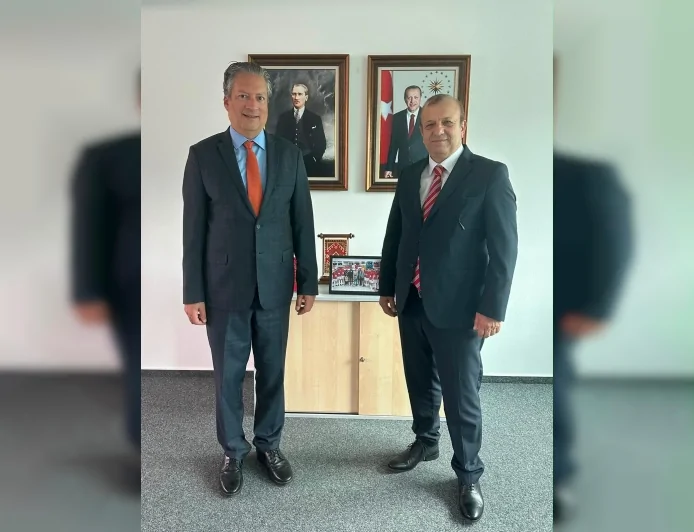 Kassel’de DOCUMENTA 16 kapsamında Avicenna 1001 Şifa Etkinlikleri için uluslararası iş birliği süreci masaya yatırıldı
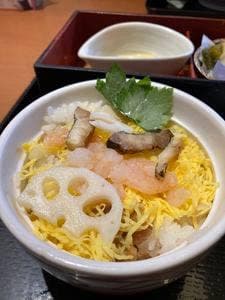 和食さと 堀越学園前店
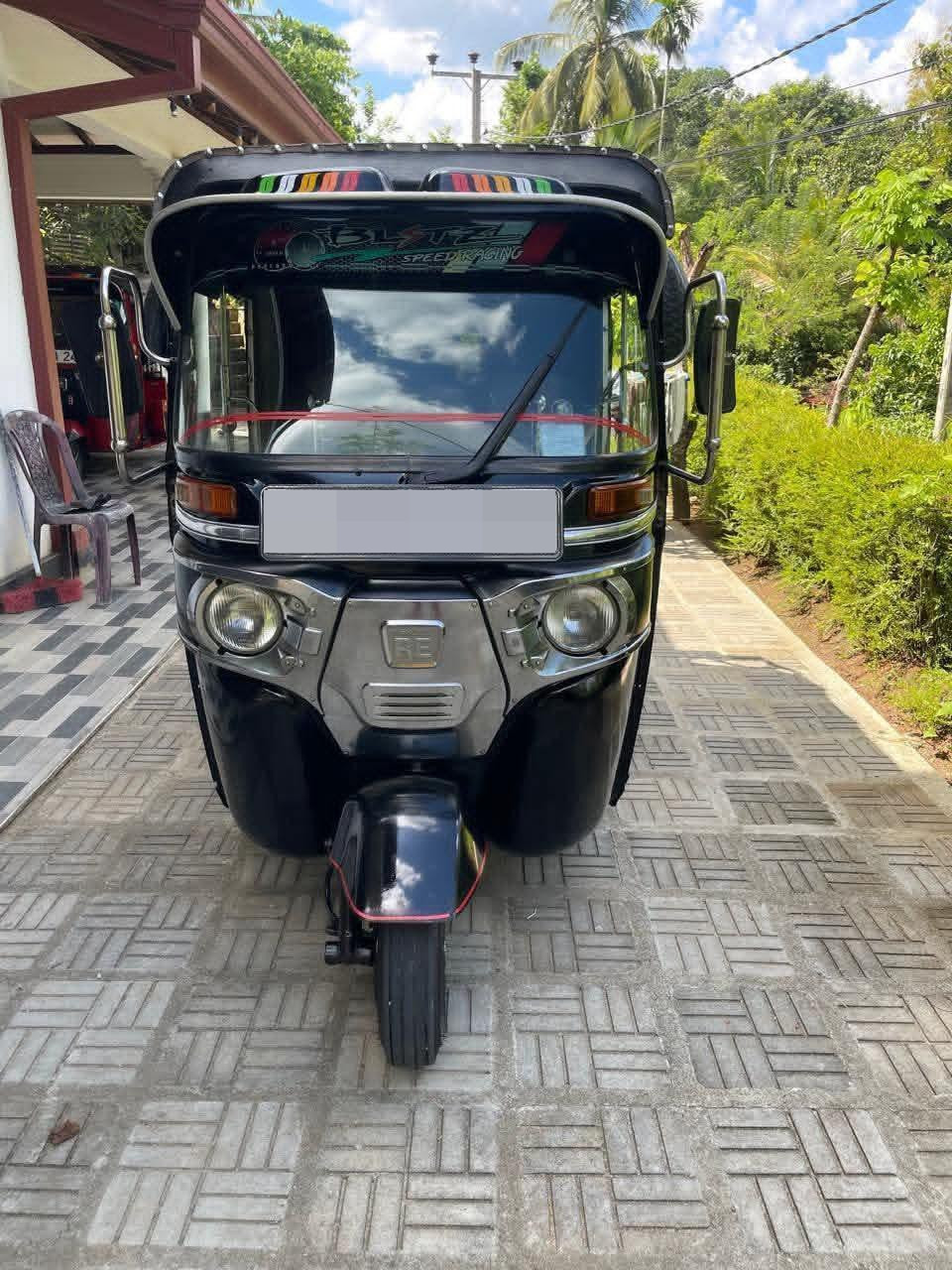 Bajaj Three Wheel 2016 - பயன்படுத்தப்பட்டது முச்சக்கர வண்டி sale in Sri Lanka - patpat.lk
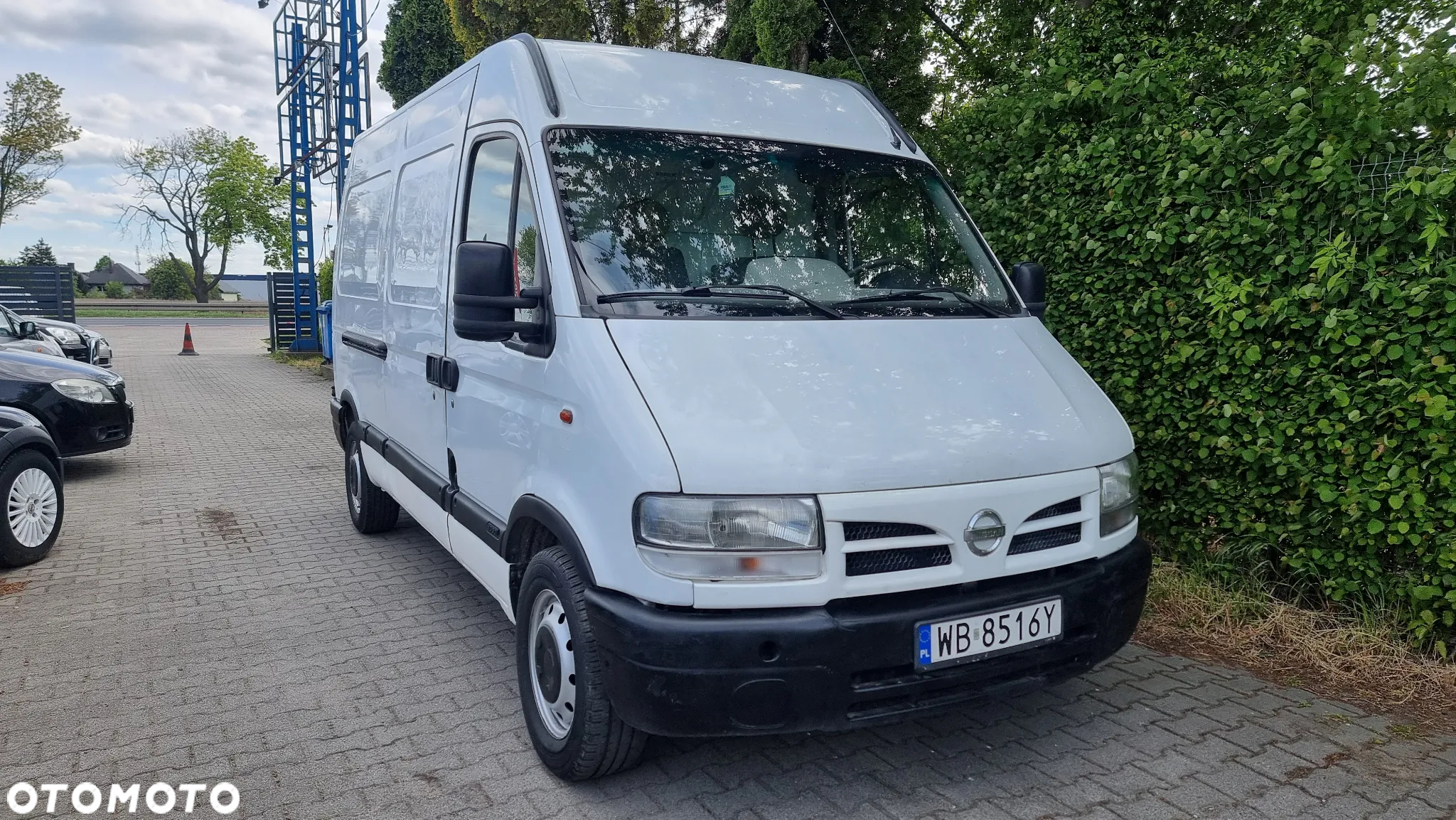 Nissan INTERSTAR - 24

_ _ _ _ _ _ _

What the exercise asks —
Except for the pictures, the whole listing above should be transcribed exactly.

Response box —
 Kassel’de DOCUMENTA 16 kapsamında Avicenna 1001 Şifa Etkinlikleri için uluslararası iş birliği süreci masaya yatırıldı
 和食さと 堀越学園前店
 Bajaj Three Wheel 2016 - பயன்படுத்தப்பட்டது முச்சக்கர வண்டி sale in Sri Lanka - patpat.lk
 Nissan INTERSTAR - 24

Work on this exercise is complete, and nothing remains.